START RECORDS PROVIDED

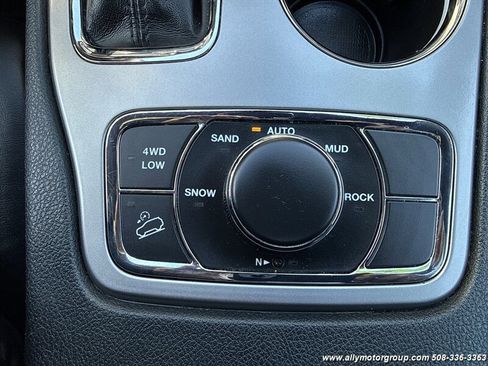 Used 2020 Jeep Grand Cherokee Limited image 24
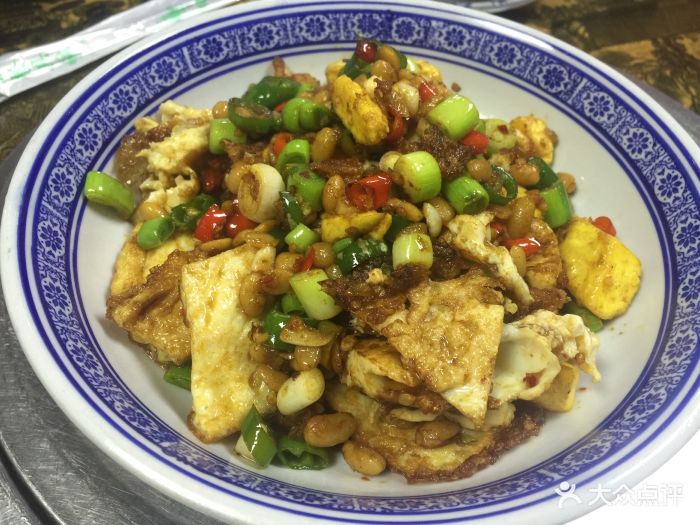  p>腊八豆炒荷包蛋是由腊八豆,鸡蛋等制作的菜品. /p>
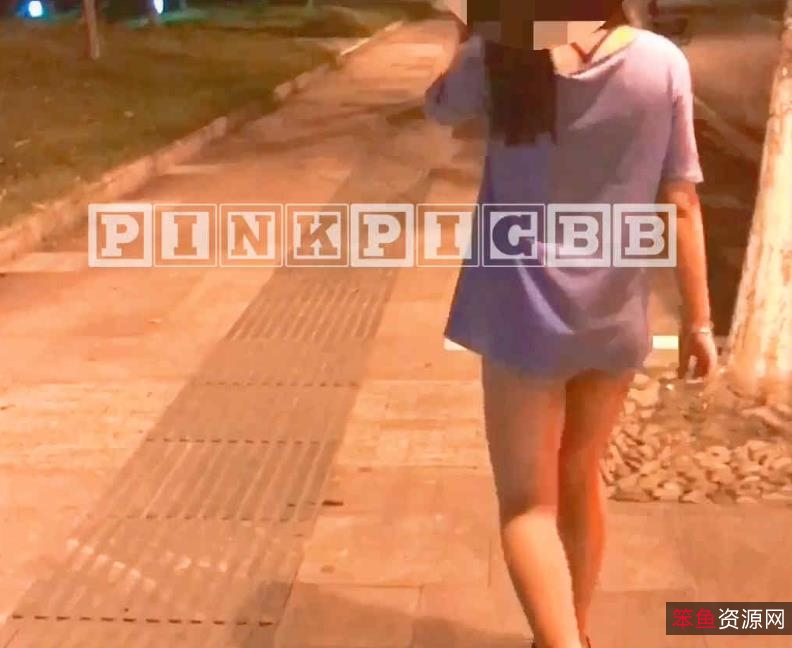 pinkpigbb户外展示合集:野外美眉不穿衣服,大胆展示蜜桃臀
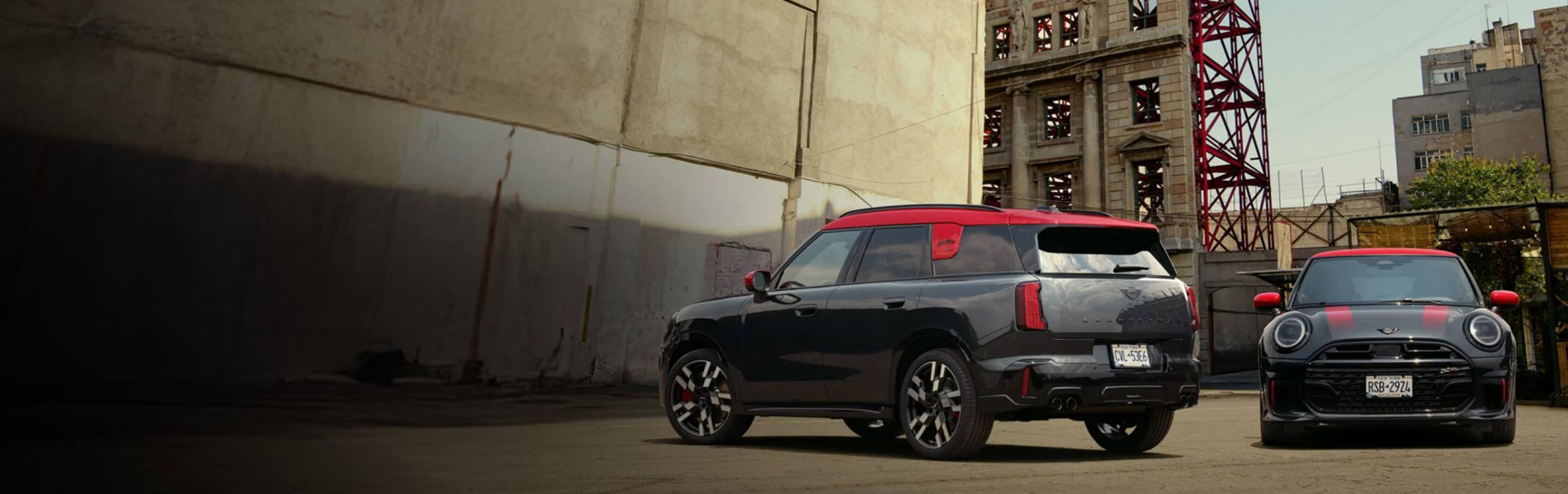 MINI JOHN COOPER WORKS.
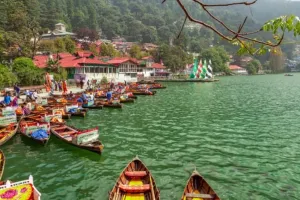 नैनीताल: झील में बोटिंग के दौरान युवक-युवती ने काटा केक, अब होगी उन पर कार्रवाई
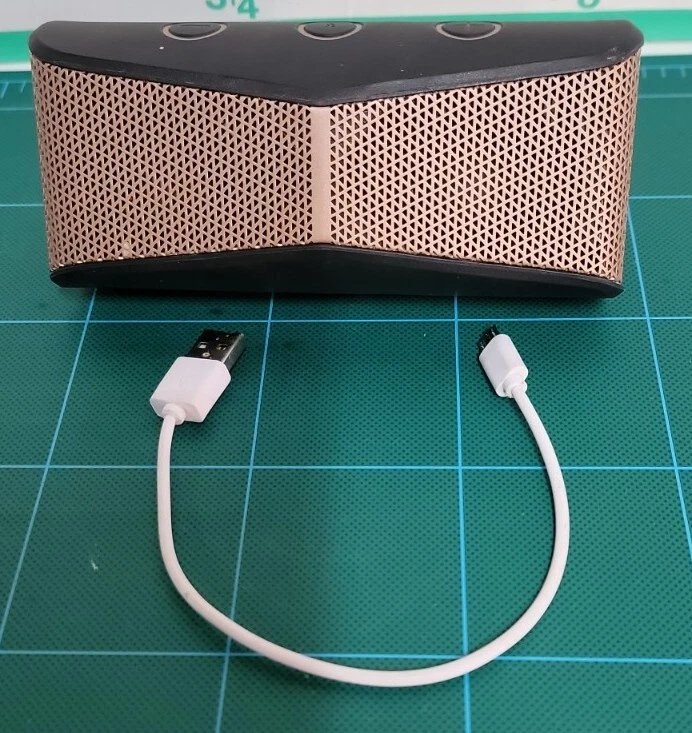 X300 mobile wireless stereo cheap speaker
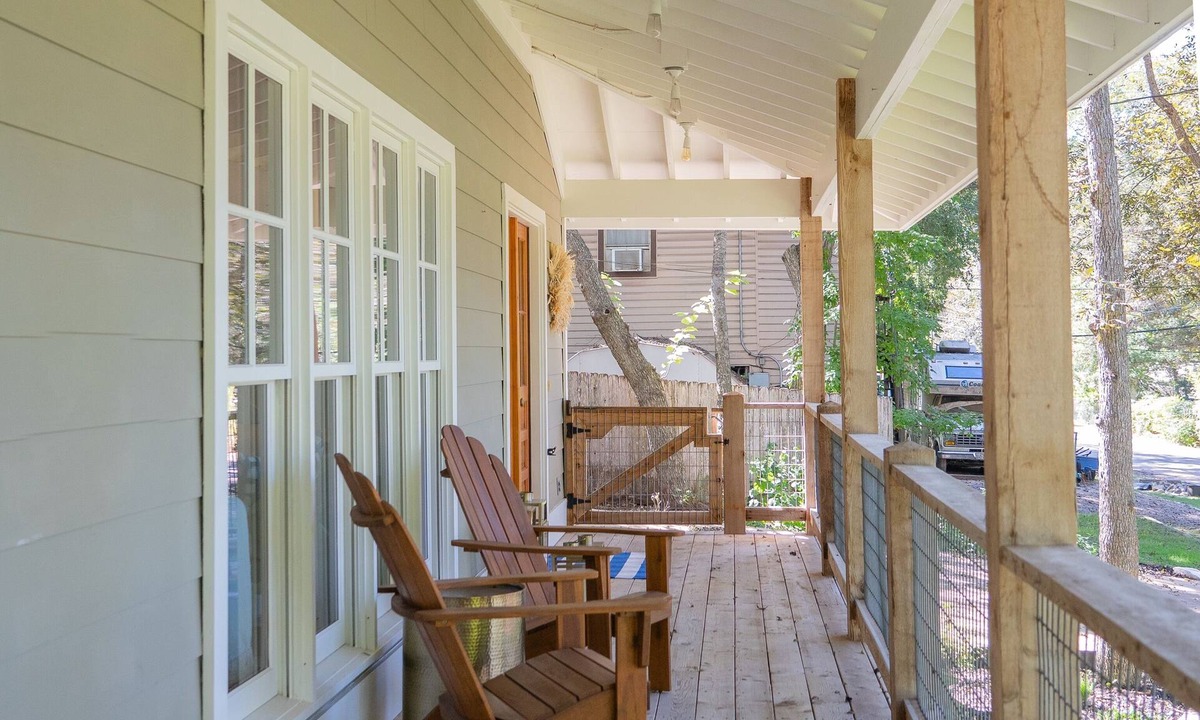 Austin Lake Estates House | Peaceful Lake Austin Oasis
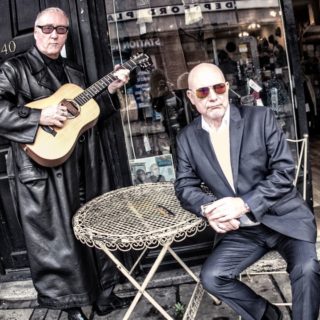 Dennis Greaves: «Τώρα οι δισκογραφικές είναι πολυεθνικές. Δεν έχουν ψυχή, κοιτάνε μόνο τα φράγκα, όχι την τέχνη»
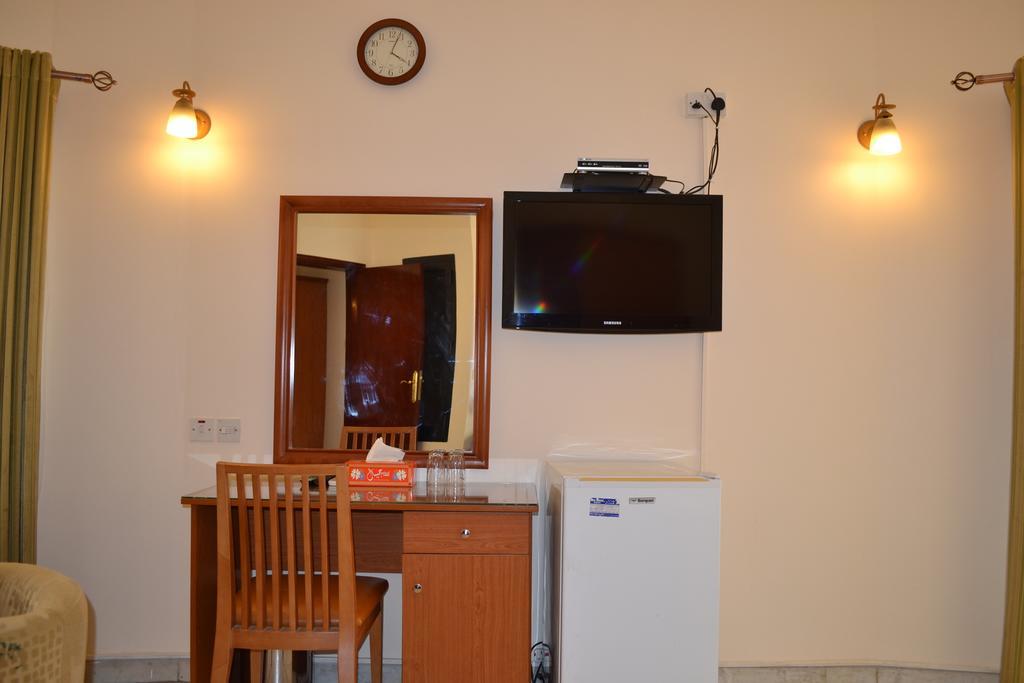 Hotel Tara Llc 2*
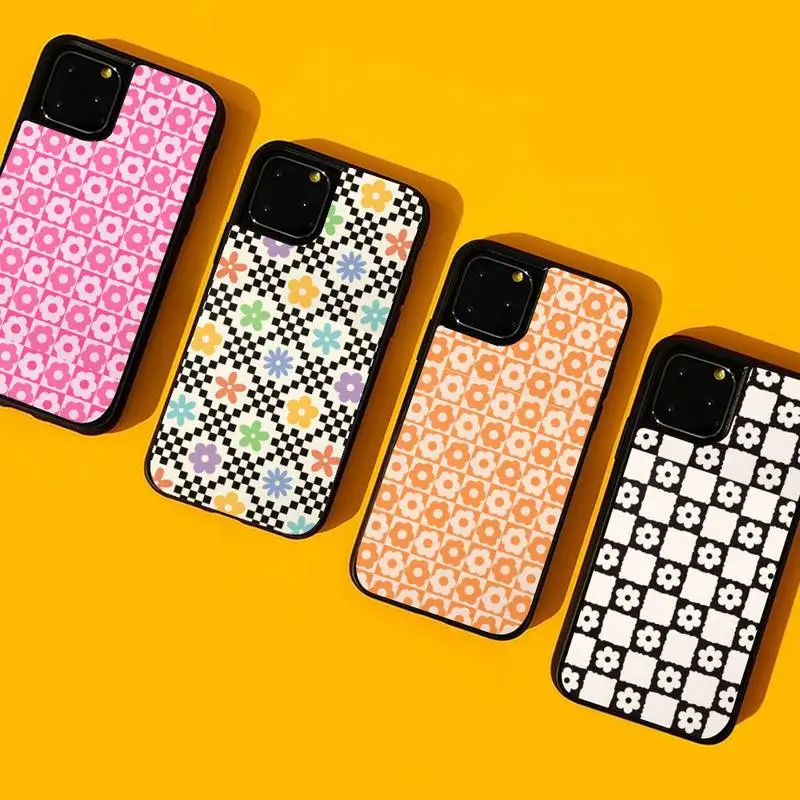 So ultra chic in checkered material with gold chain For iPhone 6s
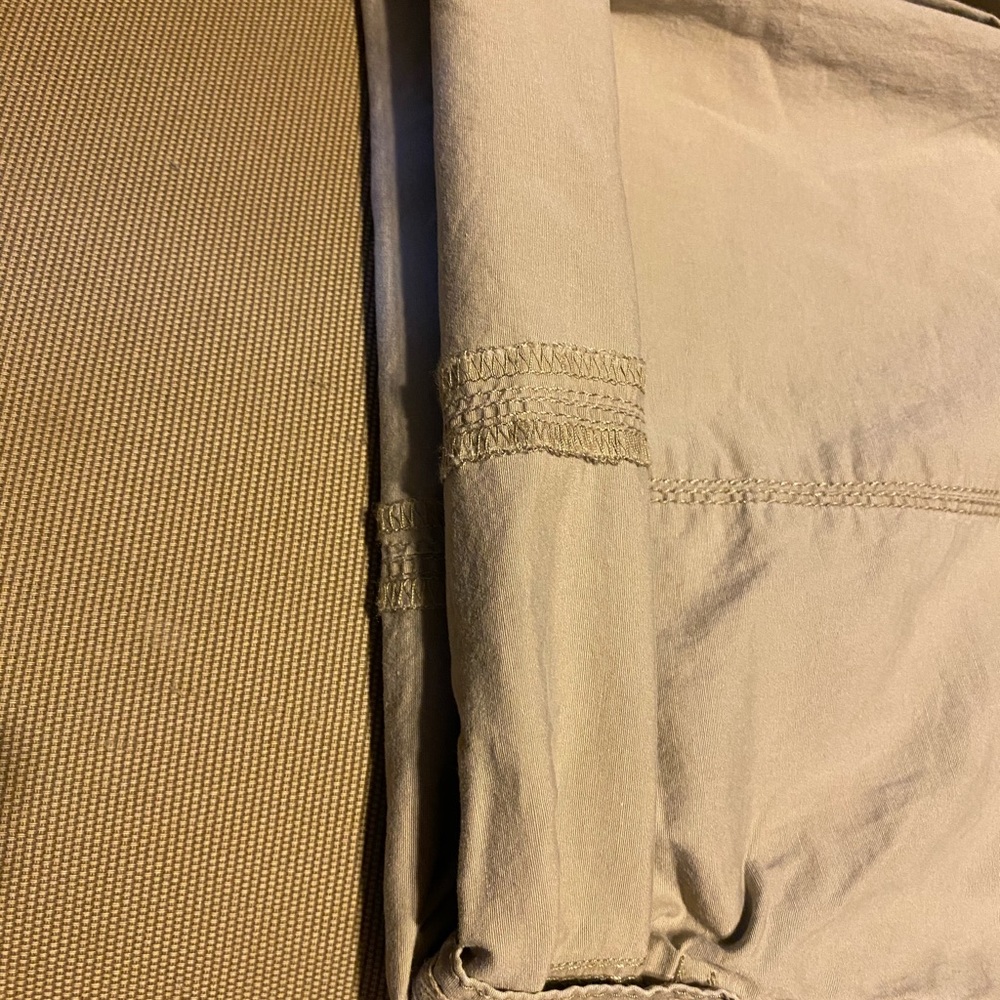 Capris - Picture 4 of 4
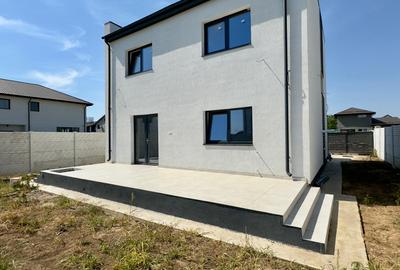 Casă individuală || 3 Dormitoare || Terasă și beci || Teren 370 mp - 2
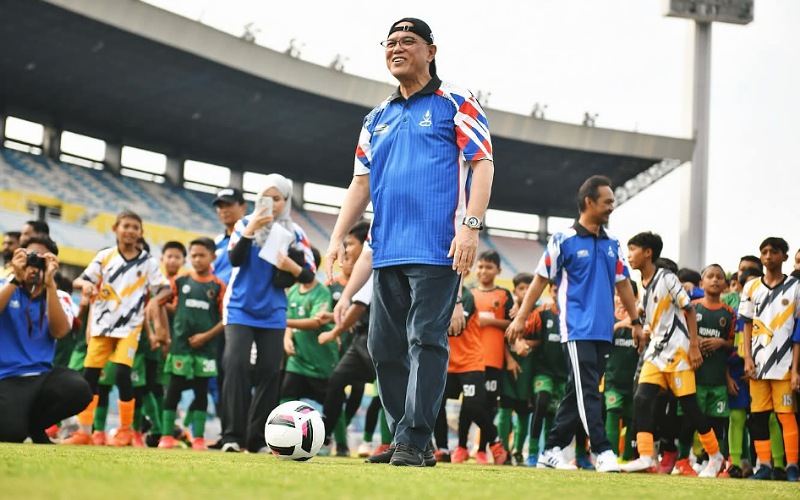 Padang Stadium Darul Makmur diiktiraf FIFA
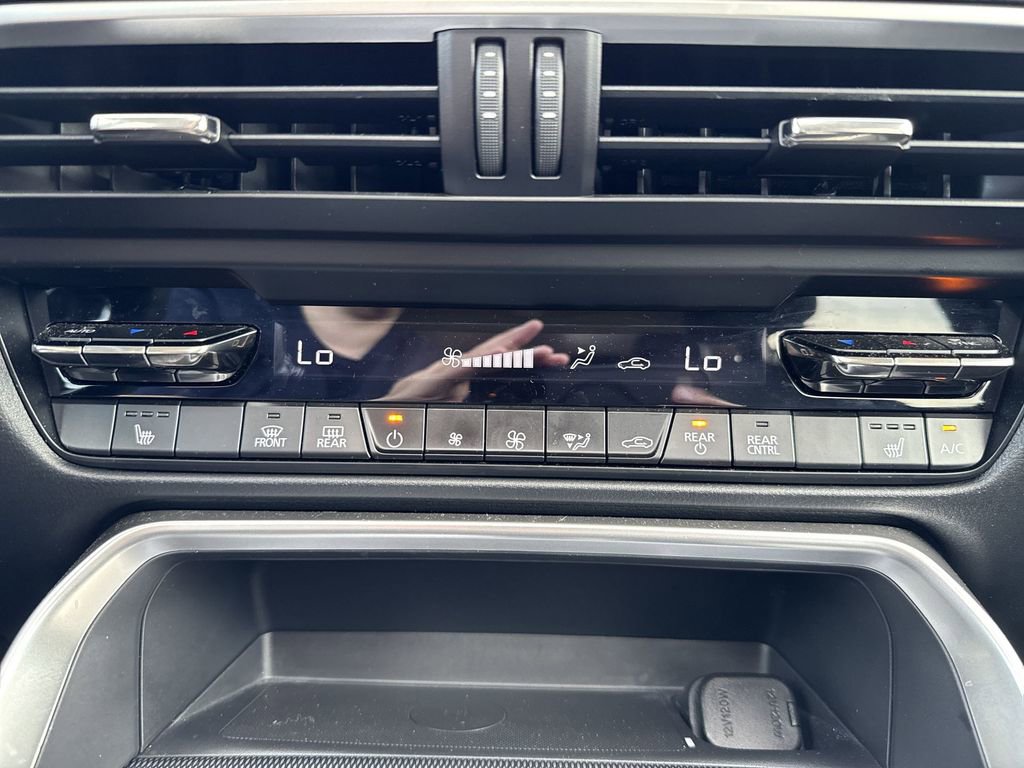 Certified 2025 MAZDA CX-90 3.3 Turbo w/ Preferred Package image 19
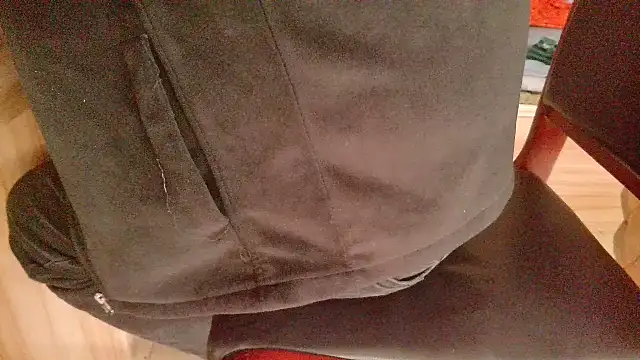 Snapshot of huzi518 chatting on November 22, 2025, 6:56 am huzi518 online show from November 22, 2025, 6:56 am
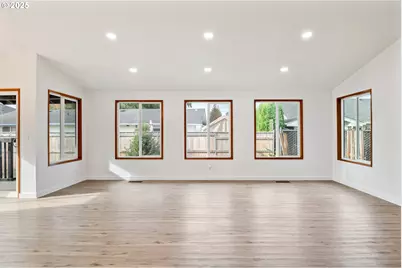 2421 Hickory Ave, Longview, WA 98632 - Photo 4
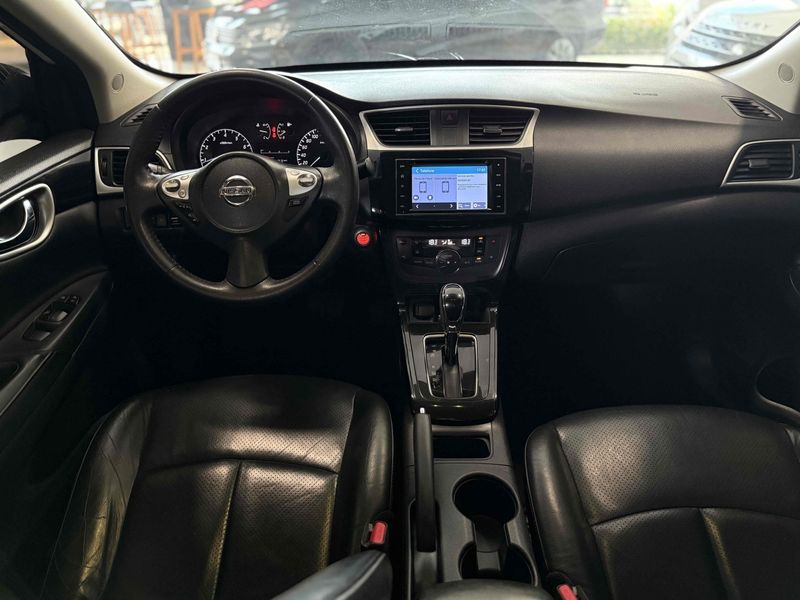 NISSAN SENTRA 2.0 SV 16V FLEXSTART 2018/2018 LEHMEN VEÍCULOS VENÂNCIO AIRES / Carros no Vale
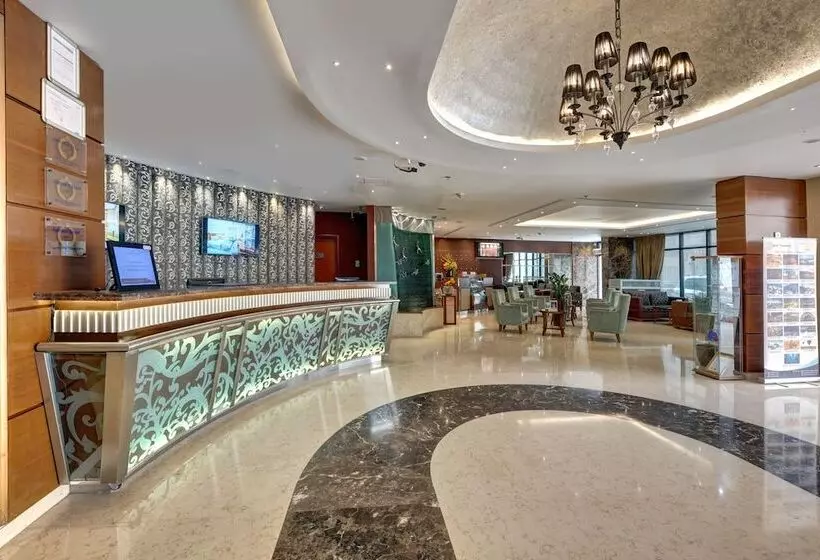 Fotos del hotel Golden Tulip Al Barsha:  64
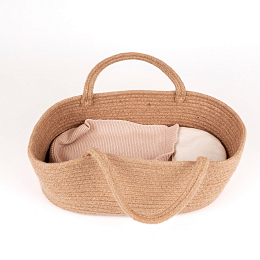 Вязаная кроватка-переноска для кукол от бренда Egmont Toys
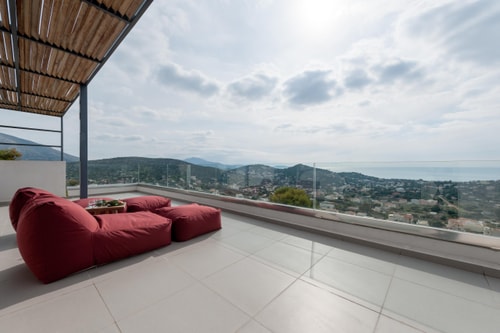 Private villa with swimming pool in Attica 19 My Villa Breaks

END RECORDS PROVIDED

Start with the line holding "Padang Stadium Darul Makmur diiktiraf FIFA" and repeat exactly every line through the final line of the records above, but no pictures and nothing more.

WRITTEN SOLUTION –
 Padang Stadium Darul Makmur diiktiraf FIFA
 Certified 2025 MAZDA CX-90 3.3 Turbo w/ Preferred Package image 19
 Snapshot of huzi518 chatting on November 22, 2025, 6:56 am huzi518 online show from November 22, 2025, 6:56 am
 2421 Hickory Ave, Longview, WA 98632 - Photo 4
 NISSAN SENTRA 2.0 SV 16V FLEXSTART 2018/2018 LEHMEN VEÍCULOS VENÂNCIO AIRES / Carros no Vale
 Fotos del hotel Golden Tulip Al Barsha:  64
 Вязаная кроватка-переноска для кукол от бренда Egmont Toys
 Private villa with swimming pool in Attica 19 My Villa Breaks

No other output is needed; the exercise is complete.